Константин Ковальский - Тандем
– А, б… Опять нассали…
Так как лампочка была выкручена еще полчаса назад, он не сразу заметил два неподвижно лежащих тела.
…Приехавшая милиция опросила всех жильцов, но, как всегда, никто ничего не видел. Данила в этот вечер ночевал у Юли, что она и подтвердила приехавшему участковому. Трупы списали на результат бандитских разборок, и райотдел получил очередной «висяк».
* * *Туфли Данила отмыл, как только приехал к Юле. Кровь не успела засохнуть, поэтому он провозился не дольше минуты. Затем пошел в душ. Но не успел он унять дрожь под бьющими струями, как почувствовал на плечах прохладные руки Юлии и ее упругую грудь, прижавшуюся к его спине. Он обернулся, привлек ее к себе и впился в ее мягкие, сочные губы. Юля застонала и, прижавшись всем телом, стала тереться о его бедро, обхватив его своими длинными ногами. Он подхватил ее за ягодицы, поднял, а когда посадил на себя, она с хриплым криком упала ему на грудь…
Потом он отнес ее в спальню.
Горячая, бурная, продолжавшаяся до глубокой ночи психотерапия помогла ему справиться со стрессом и забыться. По крайней мере – до утра.
А еще через несколько дней во львовском отделении фирмы парапсихологии «Судьба» случился пожар, уничтоживший здание практически подчистую.
Глава третья
Тот, кто выдает себя за Спасителя, рискует быть распятым.

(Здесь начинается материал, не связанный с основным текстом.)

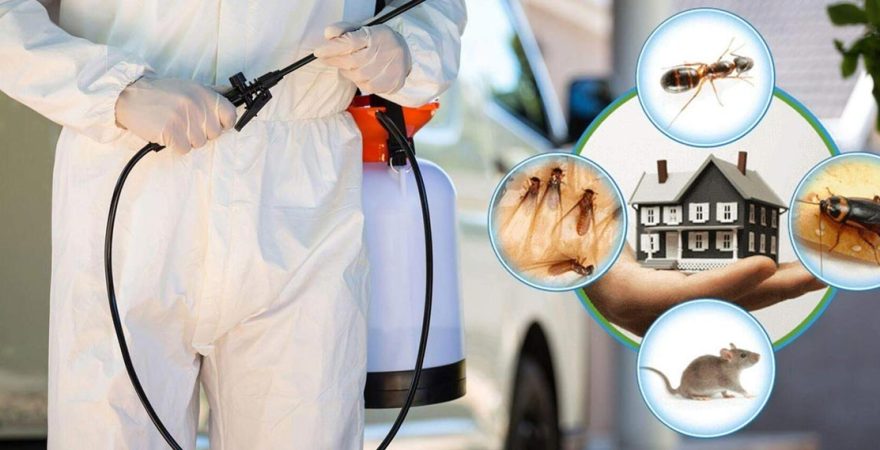 İpekyolu Böcek İlaçlama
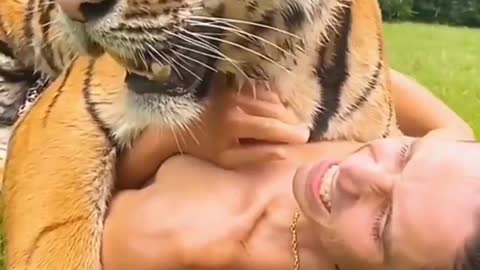 Tiger vs Man lovely cute Momments video | Tiger love man video#tigers#lion#animals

Испанская пословицаДорога от вокзала к дому занимала минут десять, но пройти их предстояло по темной безлюдной тропинке, заросшей по обе стороны густым кустарником. Позади остался мост, с которого были видны ржавеющие остовы паровозов и загнанные на запасные пути вагоны, пустившие корни в заросший рыжей травой грунт.

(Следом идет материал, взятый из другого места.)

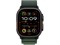 Watch Ultra 2 49 мм Чёрный Титан корпус c Dark Green Alpine Loop ремешком - L (165-210 мм) MYTF3-MYPT3-MX4T3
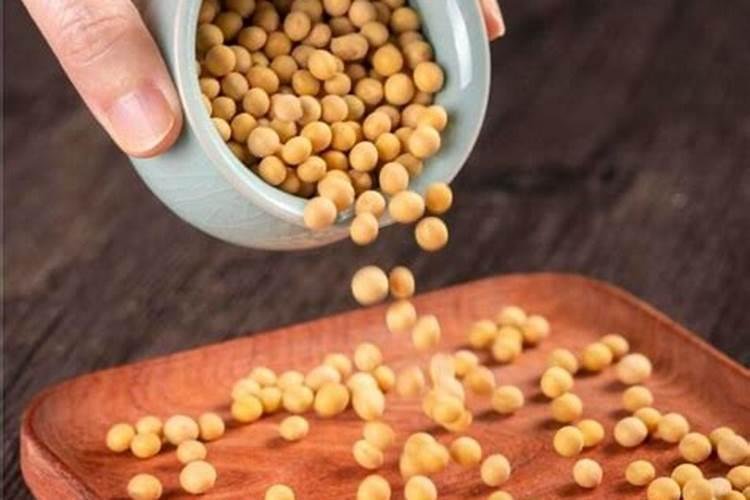 用大豆做底肥的使用方法 怎样用黄豆做肥料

Вечером тропинка выглядела особенно зловеще. Фонари были расположены на приличном расстоянии друг от друга, и между этими призрачными островками света господствовала темнота. В высокой траве валялись бутылки, сигаретные пачки, шприцы и использованные презервативы. Женя с тревогой представила ситуацию, когда ей попадется компания обкуренных малолеток, вышедших на ежевечерний промысел.
Чтобы отвлечься, она еще раз прокрутила в голове свою новую рекламу, напечатанную в нескольких газетах: «Ясновидящая Евгения! В совершенстве владеет магией. Гадает, снимает порчу, соединяет судьбы людей». Хм… Надо было еще про медицинские проблемы написать. Вон к Вениамину сколько лечиться ходили…»
Сзади треснула ветка, сердце провалилось в желудок. Гадалка обернулась, но ничего не увидела. Тропинка виляла и изгибалась каждые десять метров. Она ускорила шаг.
«…а что Вениамин? Зарезали его. За бабу, наверное. Любил он под предлогом магических исцеляющих процедур оттрахать клиентку. Видно, муж чей-то и пронюхал…»
Тропинка выскочила на освещенную, хотя и пустынную улицу. До дома оставалось не больше двух минут. Гадалка обернулась. Никого, только вдалеке тоскливо завыла собака. Зловещее черное пятно, пожиравшее тропинку, осталось позади.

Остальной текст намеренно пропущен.